* **Excerpted data**:
■ ■ ■ ■ ■

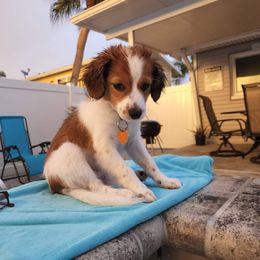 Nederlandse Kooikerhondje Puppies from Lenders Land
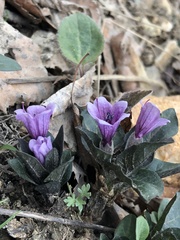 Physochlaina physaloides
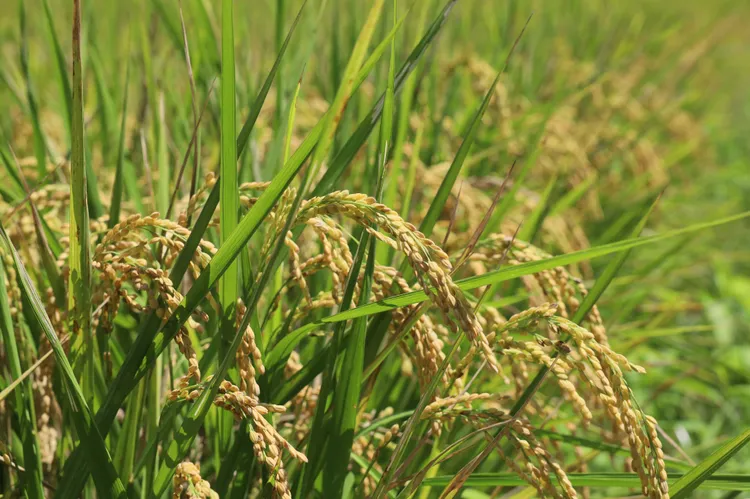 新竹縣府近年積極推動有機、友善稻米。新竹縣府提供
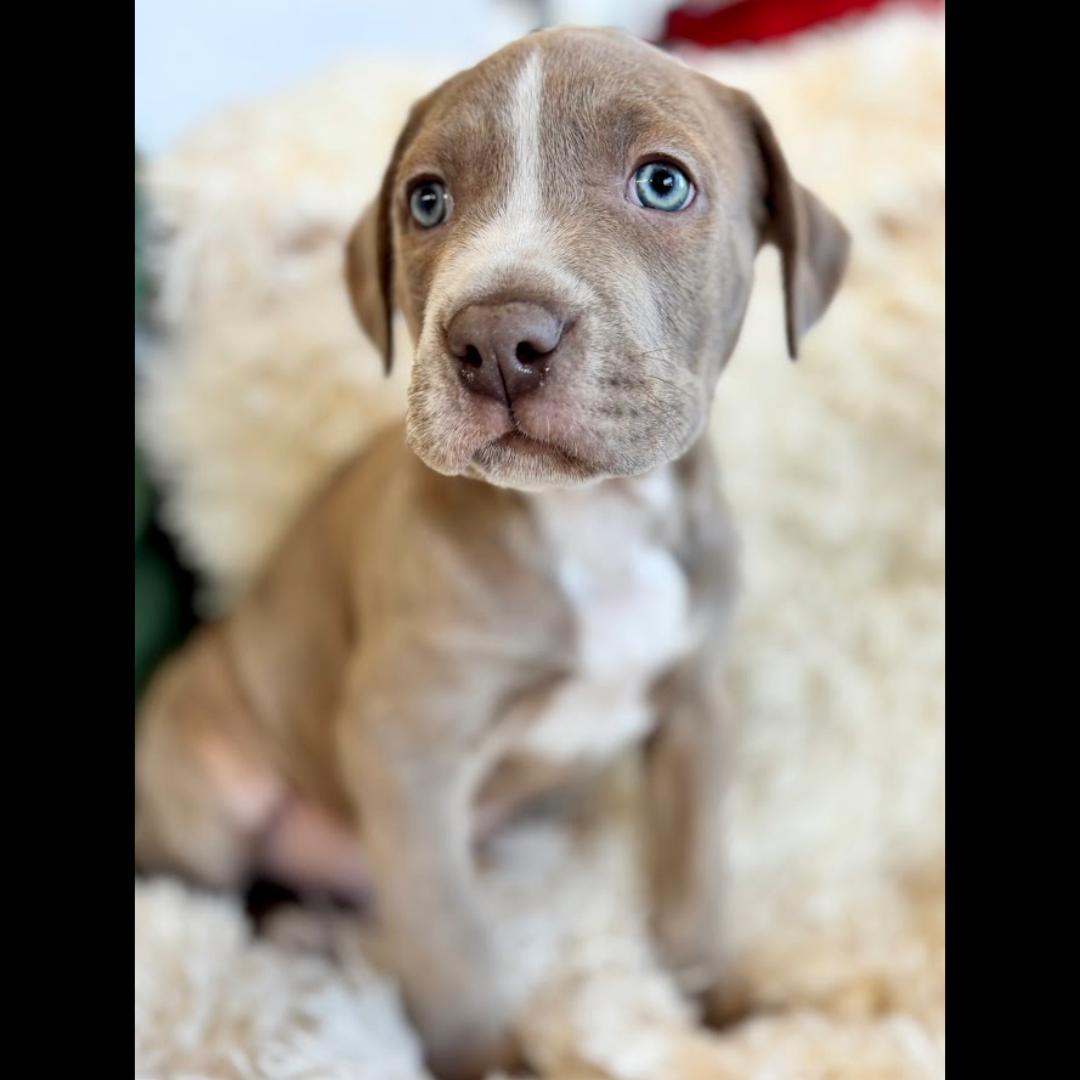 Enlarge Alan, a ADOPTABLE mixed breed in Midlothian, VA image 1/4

■ ■ ■ ■ ■

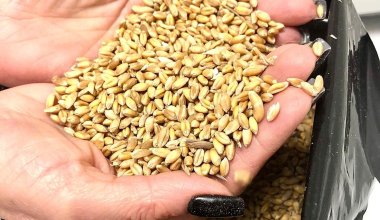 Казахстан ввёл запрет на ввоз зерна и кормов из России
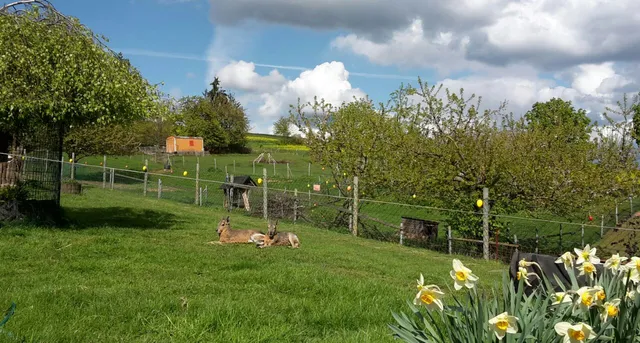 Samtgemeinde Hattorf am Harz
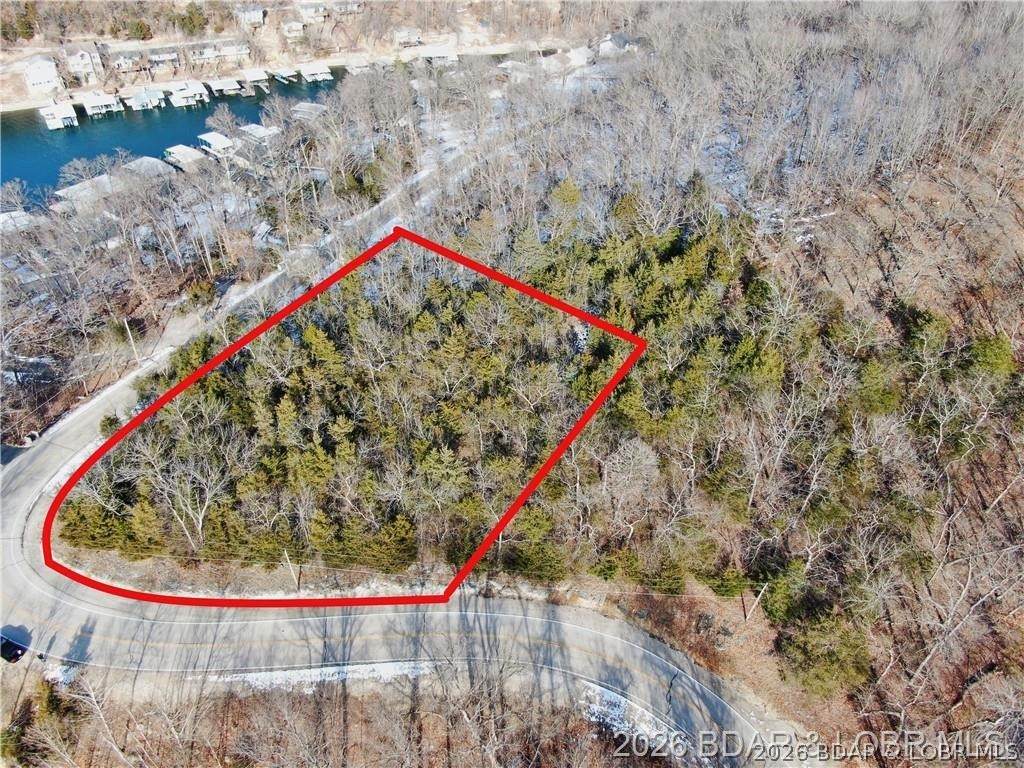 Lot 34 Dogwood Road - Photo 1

■ ■ ■ ■ ■

* **Problem description**:
In the records above, find the line with "新竹縣府近年積極推動有機、友善稻米。新竹縣府提供" and the line with "Enlarge Alan, a"; please transcribe exactly those two lines and all lines between them, omitting any picture.

* **Exercise answer**:
 新竹縣府近年積極推動有機、友善稻米。新竹縣府提供
 Enlarge Alan, a ADOPTABLE mixed breed in Midlothian, VA image 1/4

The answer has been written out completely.